We’ve come a long way since Truman. Former presidents of both parties now routinely cash in on the office after leaving it, and people shrug at it as simple free-market activity. Presidential memoirs used to be the big payday, but now the speaking circuit holds just as much promise for quick cash from vested interests. Obama isn’t the first to discover this, nor the most egregious example. Bill Clinton wins that title, having spent $16 million in taxpayer money on his expenses and pension in as many years — while racking up perhaps more than $200 million in income over the same period. Clinton was so notorious that the New York Times editorial board was castigating him a decade ago and demanding changes in the “lavish pension” former presidents receive:

Today former presidents receive a lavish pension — $186,000, increased yearly — payable as soon as they depart the White House, regardless of their age. In addition, former chief executives are granted hundreds of thousands of dollars in annual staff, office and travel allowances. For fiscal year 2007, Clinton will receive approximately $1.16 million from the U.S. Treasury — his telephone stipend alone will come to $77,000. All former presidents are also entitled to free, round-the-clock Secret Service protection for themselves and their families. The cost of providing security for previous “first families” is estimated at $20 million a year.
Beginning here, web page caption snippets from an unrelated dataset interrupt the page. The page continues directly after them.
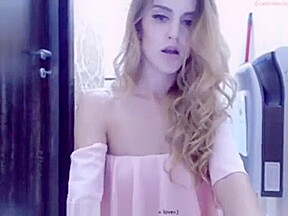 se masturba en bano publico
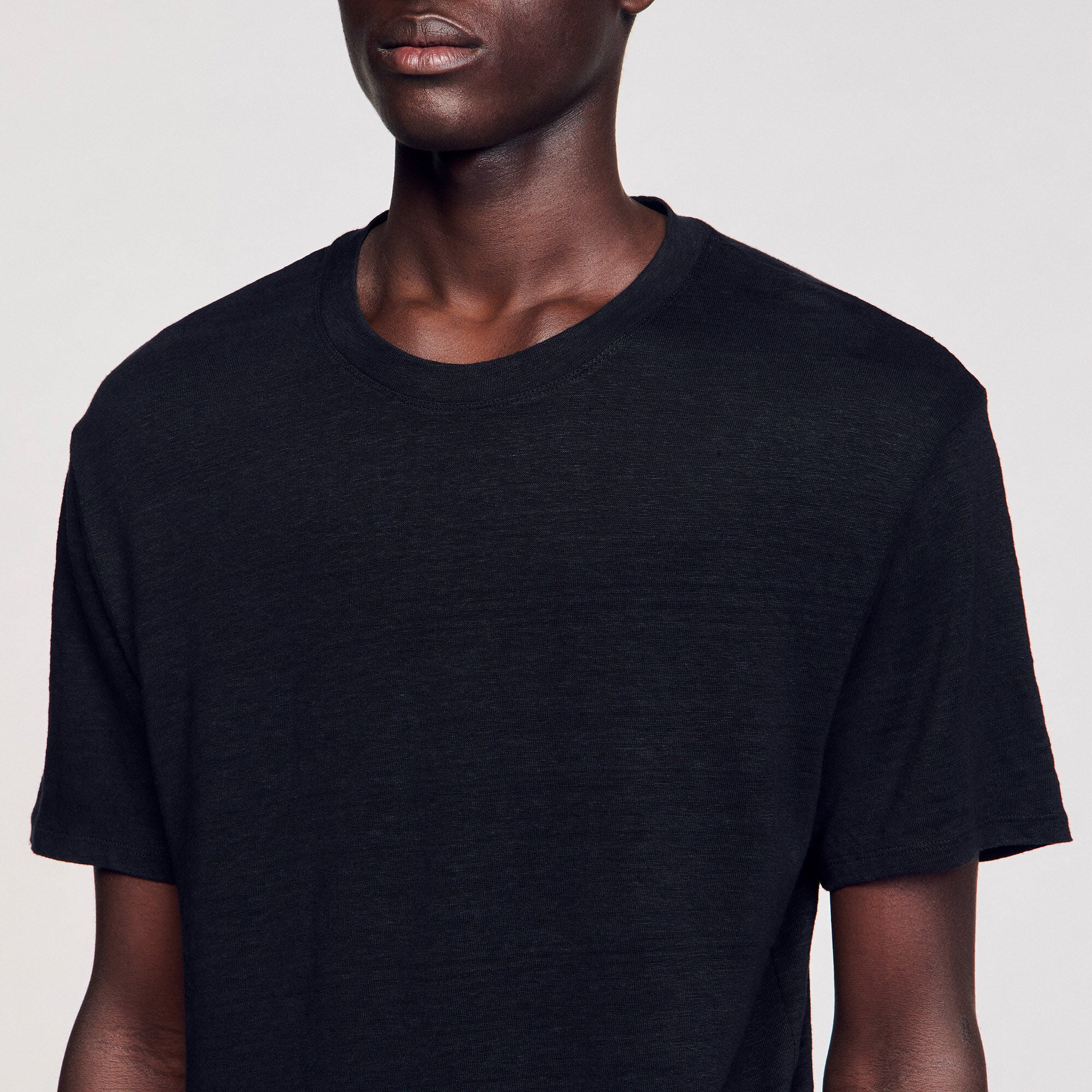 Certified linen T-shirt Black Sandro Men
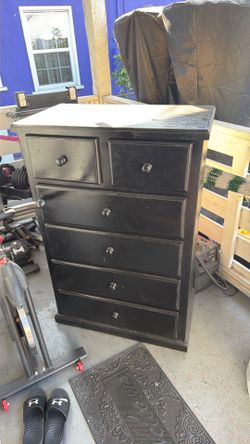 6 drawers black dresser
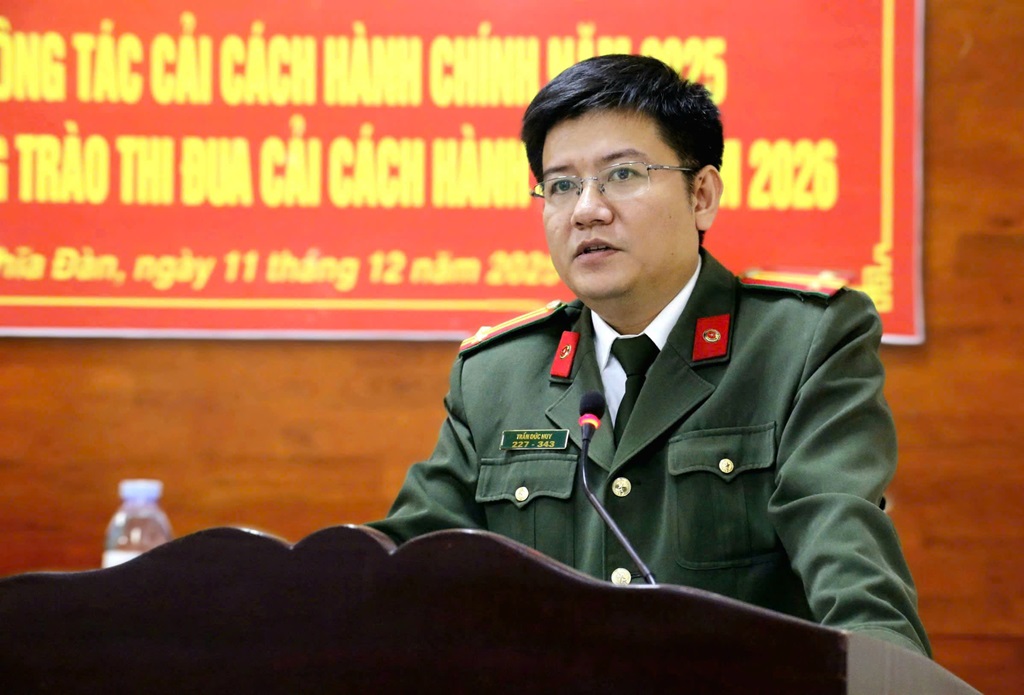 Đại diện Phòng tham mưu Công an tỉnh trao đổi nhiệm vụ liên quan CCHC năm 2026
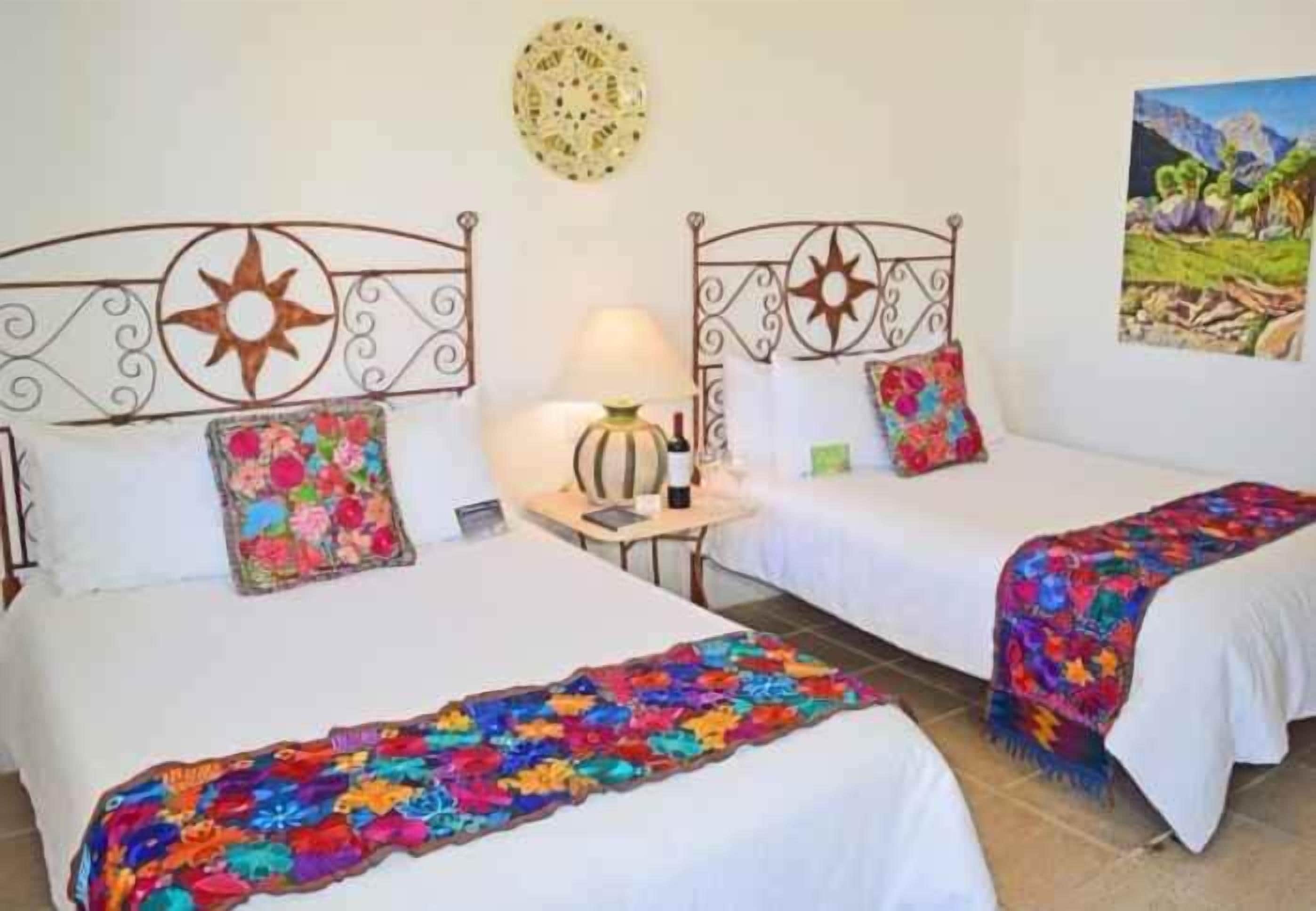 Photo - El Encanto Inn & Suites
According to the National Taxpayers Union, Clinton will reap a lifetime pension payout of more than $7 million, assuming a normal lifespan. The senior George Bush can expect to bank more than $3 million; for Carter, the total will likely top $4 million.


Few begrudge the Secret Service protection. Congress briefly capped it at 10 years in 1997 but repealed the limit shortly afterward, perhaps with Saddam Hussein’s nutty assassination plot of retired president George H. W. Bush in mind. Bush has outlived Hussein by a decade or so already, but the incident reminded everyone that former presidents remain high-profile targets.
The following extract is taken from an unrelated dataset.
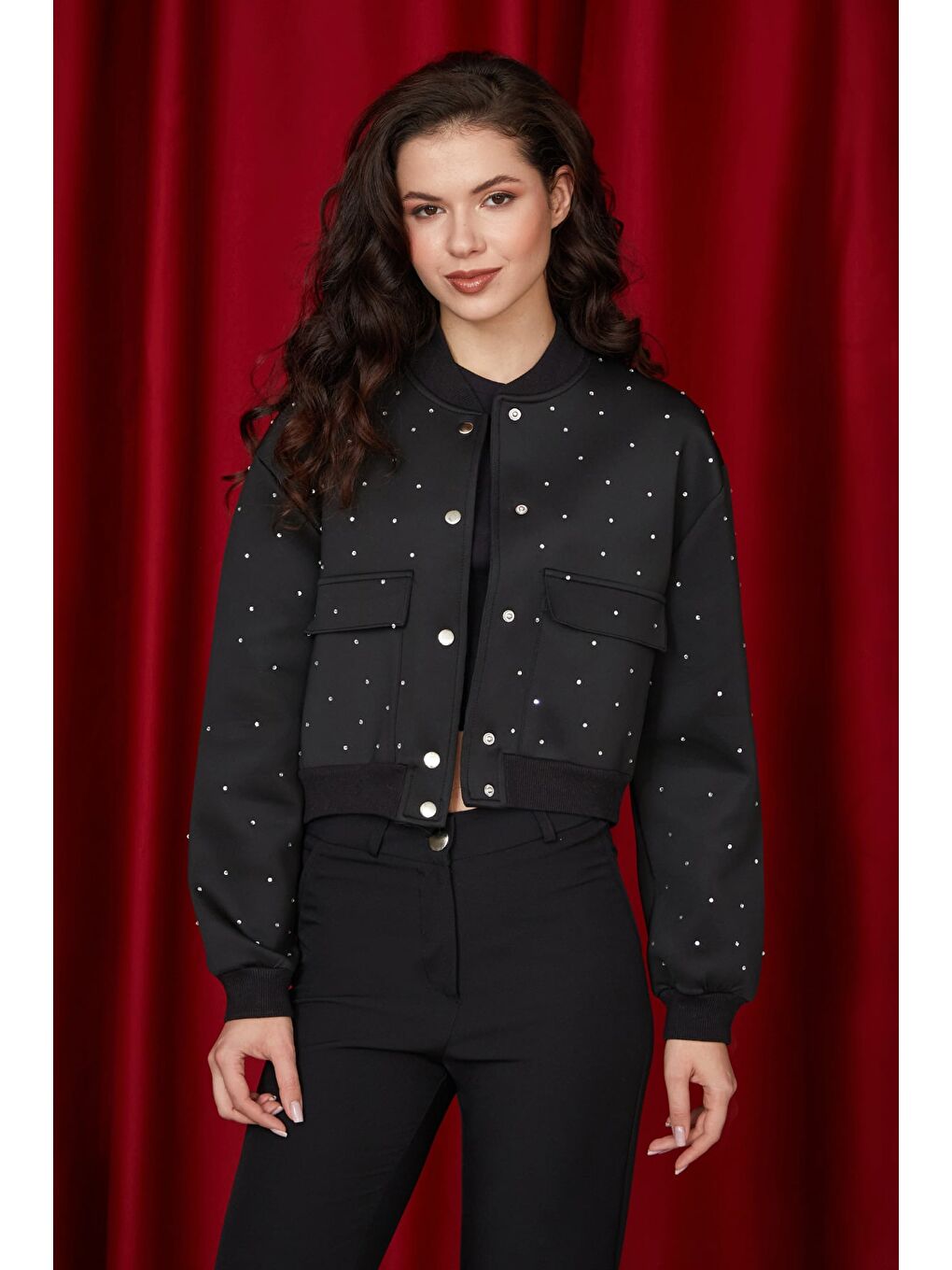 Siyah Taş Detaylı Çıtçıtlı Çift Cepli Crop Ceket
However, this editorial demonstrates how insane the spending has become, especially regarding Bill Clinton. He has actually soaked up more than double the 2007 projection of lifetime costs just ten years later. There’s no indication that Obama plans spending on that scale, but we’re still in the early days of his retirement.

The only thing that’s changed since is the pension itself, indexed upward to $200,000. Chaffetz and Ernst tried to reform the system last year in a bill that passed with bipartisan support, but Obama vetoed it, claiming it would harm former federal workers. Those would be the workers who began serving former presidents, of course:

“It would impose onerous and unreasonable burdens on the offices of former presidents, including by requiring the General Services Administration to immediately terminate salaries and benefits of office employees and to remove furnishings and equipment from offices,” Obama wrote in his veto message.

He added that he would be open to reconsidering a revamped version of the bill if it addressed his concerns.


The best way to address this would be to stop paying office expenses right up front. Former presidents have plenty of income potential to pay for their own operations. A pension is not unreasonable, but neither is a means test to spare taxpayers the cost if it’s unnecessary.

Would it be fair to apply this retroactively to the current retirees? We have five at the moment — Jimmy Carter, the two Bushes, Clinton, and Obama — who would have to recalculate their financial commitments if those changes were made, but all except Carter have the means to do so. The pension isn’t a contract, and Congress should be able to allocate taxpayer funds as it sees fit otherwise. Politically, though, it probably will be easier to follow the tradition in presidential pension legislation and apply it only to future presidents. However, a limit on expenses applied immediately is not unreasonable, and in fact is long overdue — by about ten years.

Update: Forgot the link to USA Today, and added it in the edit. Also, cleaned up some ambiguous and incomplete thoughts in the middle two paragraphs.